By Jaspreet Kalra
MUMBAI (Reuters) -The Indian rupee closed modestly higher on Wednesday as likely central bank intervention supported the currency in face of month-end dollar bids, while traders turned their focus to the upcoming U.S. Federal Reserve policy decision.
The rupee had declined to 88.3450 early in the session, but traders said that the Reserve Bank of India stepped in to shore up the local currency. It closed at 88.1950, up slightly from its previous close.
Asian currencies were mixed on the day, with the offshore Chinese yuan perched near a one-month peak on growing expectations of a U.S.-China trade deal.
Indian officials, too, have pointed to ongoing negotiations with Washington on a bilateral trade agreement.

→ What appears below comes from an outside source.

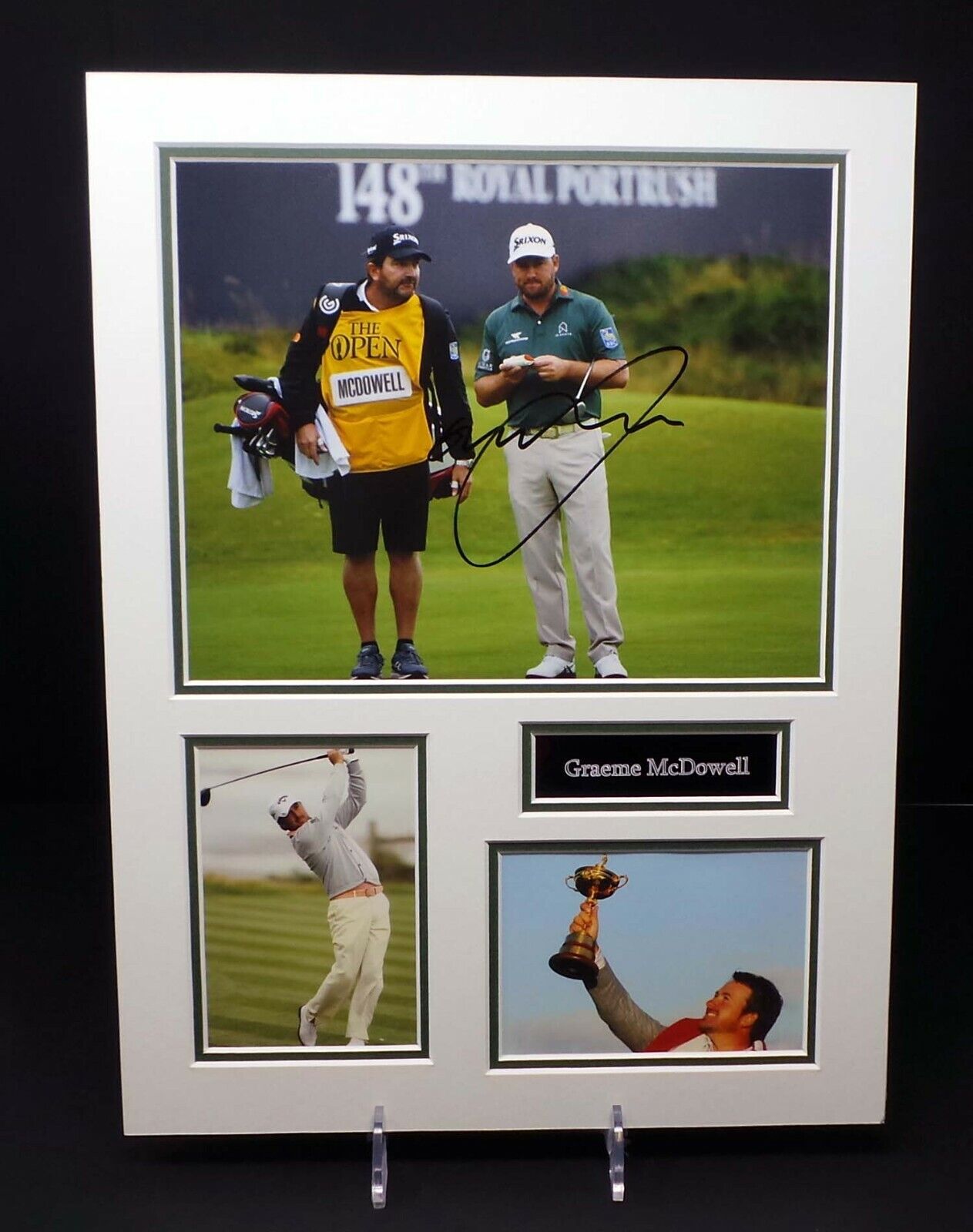 Graeme Gmac McDOWELL Signed Mounted Golf Photo Poster painting Display 1 AFTAL RD COA Ryder Cup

A senior central bank official on Wednesday said that the rupee’s exchange rate is market determined and hence is not a policy tool to fight tariffs.

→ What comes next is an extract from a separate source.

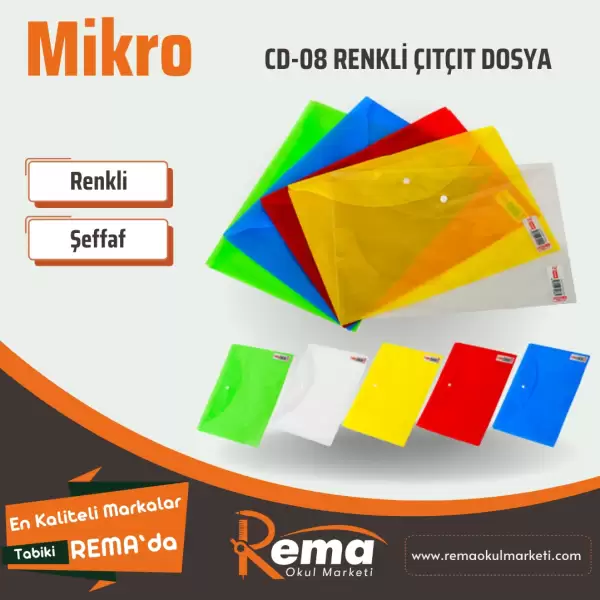 MİKRO RENKLİ ÇITÇIT DOSYA CD-08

Weakness in a currency can help dent the impact of trade levies by making exports cheaper.
The rupee has declined 3% so far this year, and hit a record low of 88.80 last month.
Meanwhile, the focus is on a widely anticipated rate cut by the Fed later in the day, with traders awaiting cues from Chair Jerome Powell’s commentary and any changes to the central bank’s quantitative tightening policy.
“Given the lack of jobs data we certainly expect Powell to attempt to remain balanced and would not want to shift market expectations at this juncture only for updated jobs data to contradict that shift,” MUFG said in a note.
The dollar index was last at 98.8, up 0.2% on Wednesday.
Dollar-rupee far forward premiums were modestly lower, with the 1-year implied yield down 2 basis points at 2.24%.
Buy/sell swaps conducted by state-run banks over recent sessions, coupled with bias towards a dovish Fed is likely to keep forward premiums in check in the near term, a trader at a Mumbai-based bank said.